What is being asked
Please restate the records below verbatim, omitting every image they hold.
*** Opening of Data for review ***
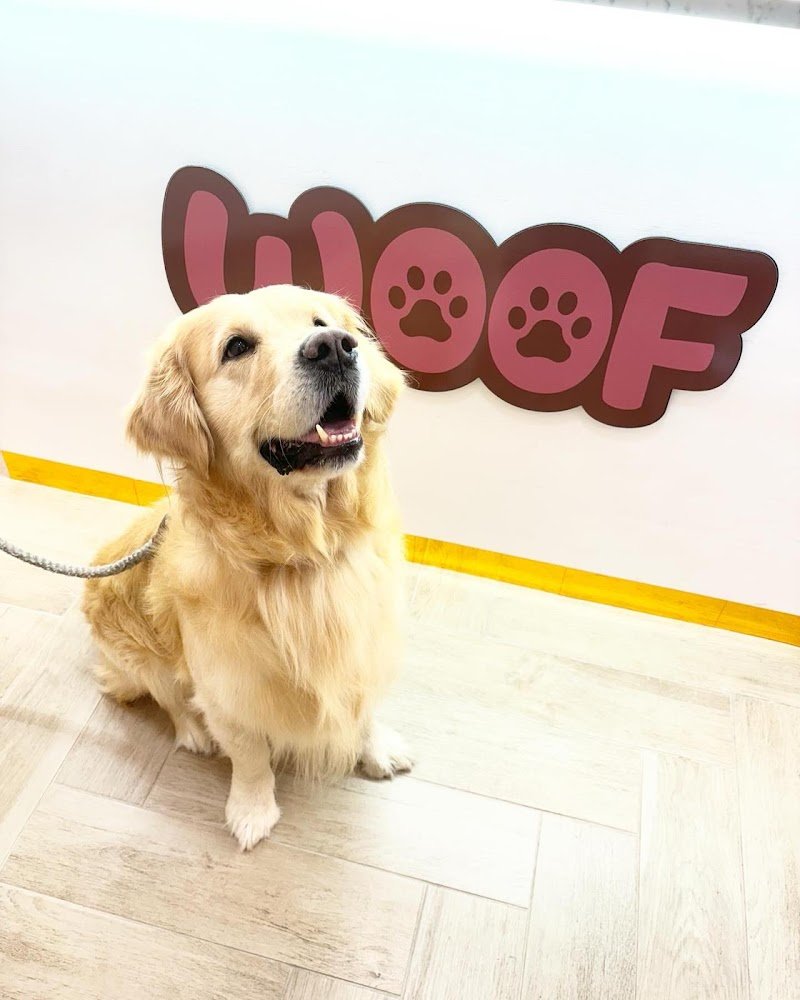 Woof Pet Shop & Beauty SPA - Foto 3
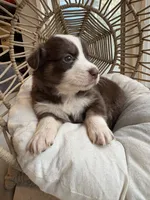 Mary Ann, a female Australian Shepherd for sale in Grants Pass, OR – 6 of 10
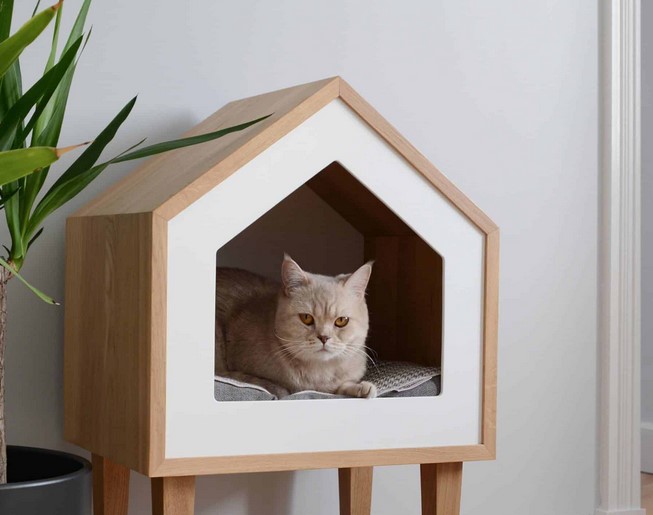 Tips Memilih Material dan Konstruksi yang Tepat untuk Rumah Kucing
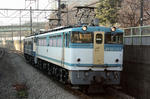n-IMG_7825.jpg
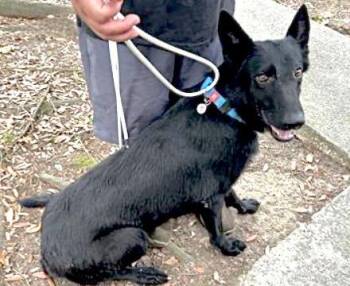 German Shepherd Dog Dogs Available for Adoption in Houston, Texas - A654986 | PetCurious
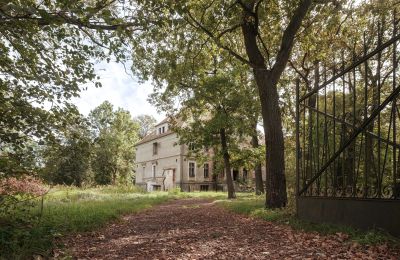Kasteel te koop Wilków, Parkowa 1, Opole, Toegang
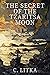 The Secret of the Tzaritsa Moon (A Nine Star Nebula Mystery Adventure Book 1)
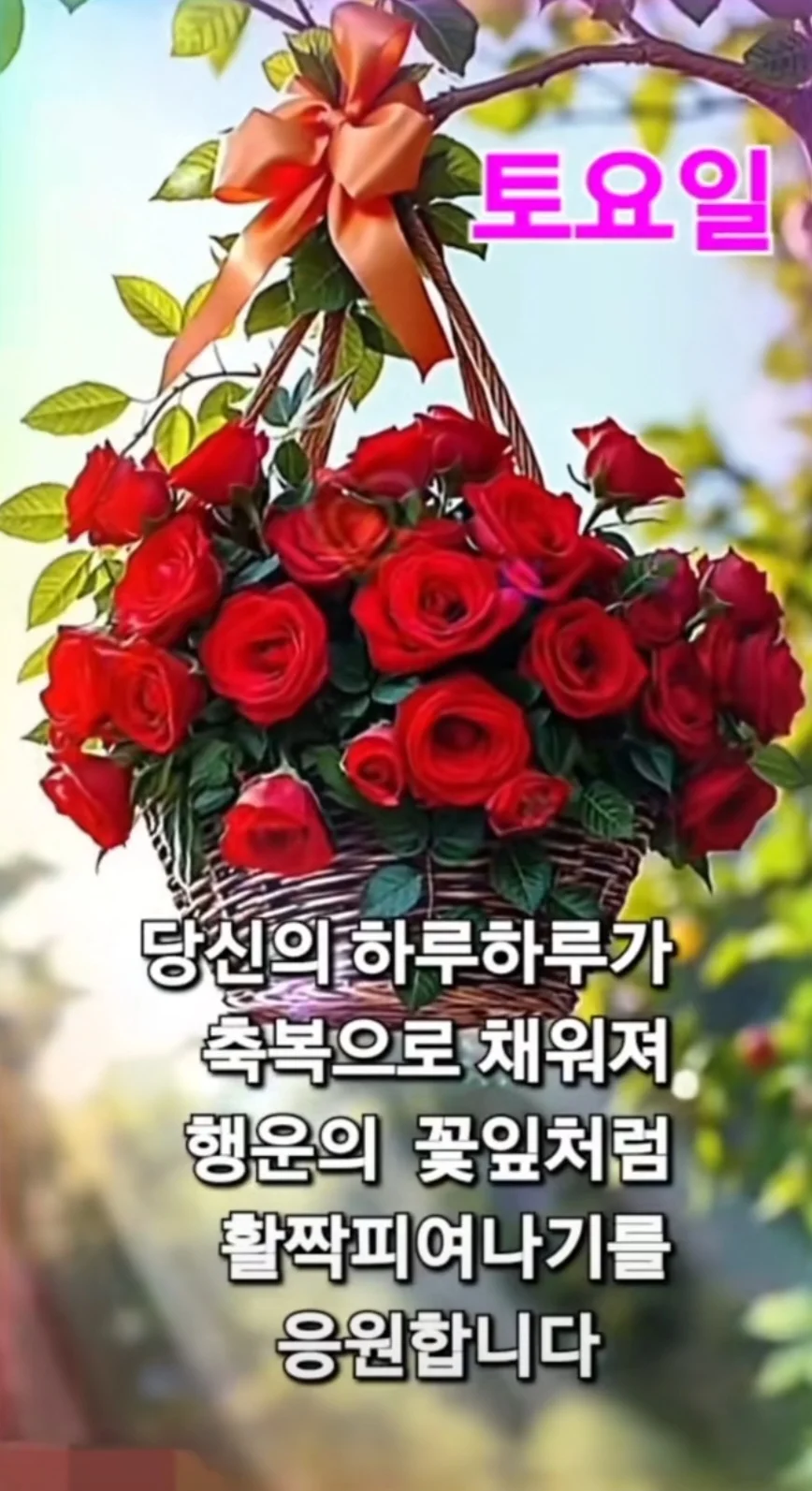 1776561954_WLOfJaZCjO.webp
*** Close of Data for review ***
Response to the exercise
 Woof Pet Shop & Beauty SPA - Foto 3
 Mary Ann, a female Australian Shepherd for sale in Grants Pass, OR – 6 of 10
 Tips Memilih Material dan Konstruksi yang Tepat untuk Rumah Kucing
n-IMG_7825.jpg
 German Shepherd Dog Dogs Available for Adoption in Houston, Texas - A654986 | PetCurious
Kasteel te koop Wilków, Parkowa 1, Opole, Toegang
 The Secret of the Tzaritsa Moon (A Nine Star Nebula Mystery Adventure Book 1)
 1776561954_WLOfJaZCjO.webp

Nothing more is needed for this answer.